[PROBLEM DETAILS] Reproduce exactly, leaving out pictures, each line from the one holding "Aplicativos de poker" through the final line of the listing, and add nothing.

[GIVEN INFORMATION]
*****

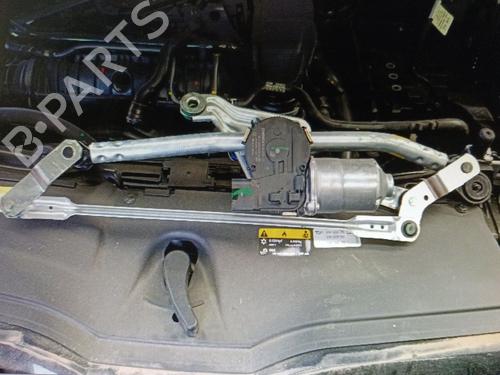 Used Front wiper motor Front wiper motor SKODA SCALA (NW1) 1.0 TSI (95 hp) 34510259 34510259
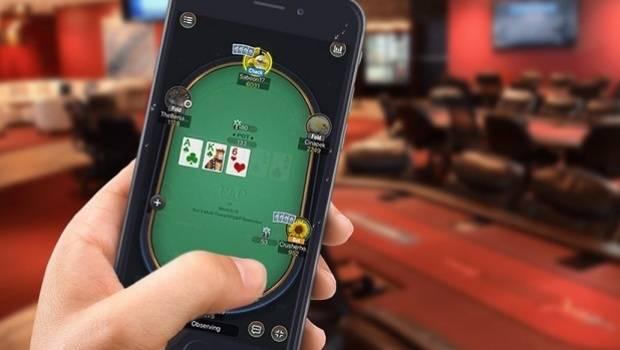 Aplicativos de poker exigem cuidado para que a diversão não se torne pesadelo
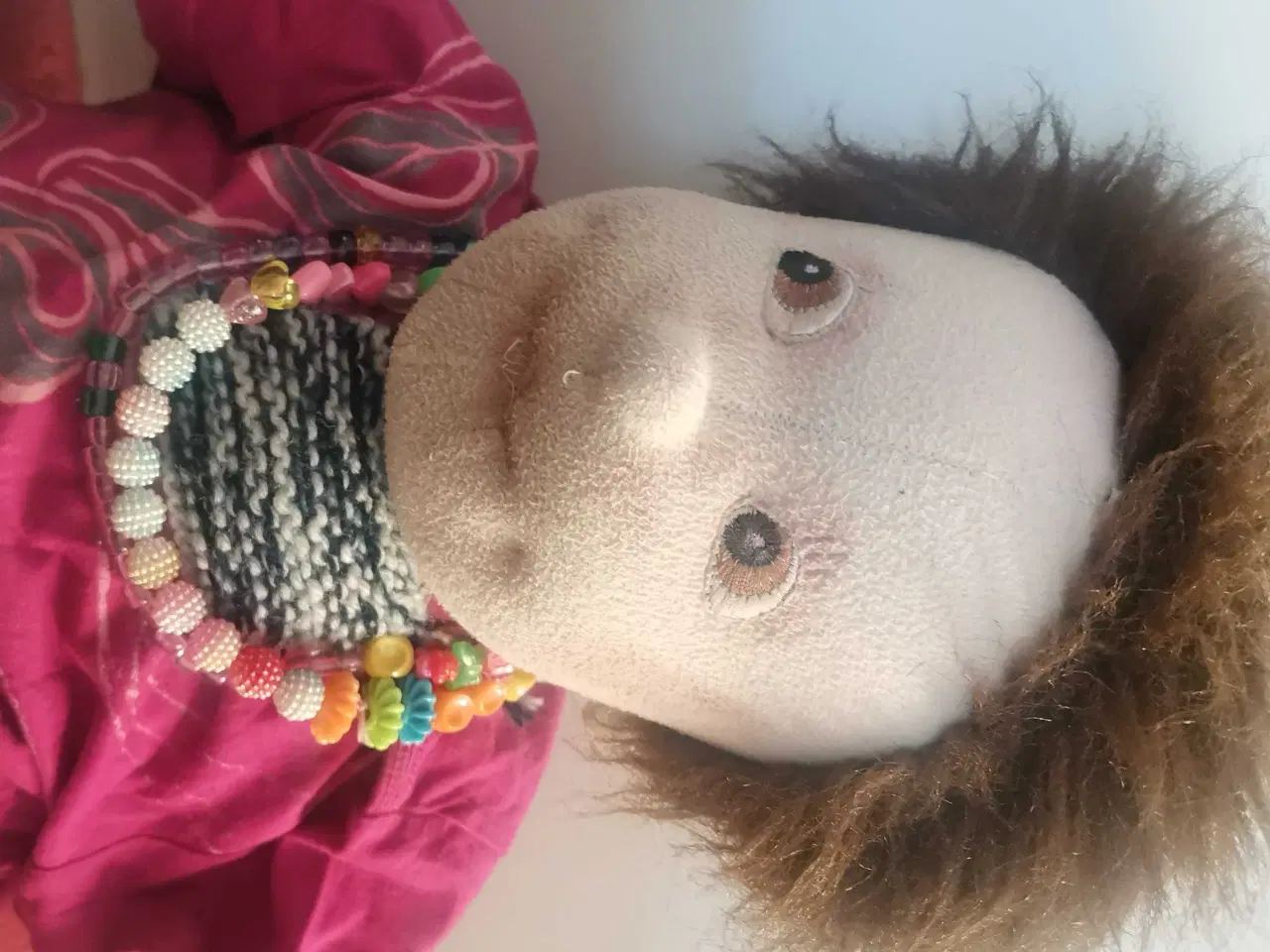 Billede 3 - Empati-dukke 65 kr🌸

*****

[REPLY]
 Aplicativos de poker exigem cuidado para que a diversão não se torne pesadelo
 Billede 3 - Empati-dukke 65 kr🌸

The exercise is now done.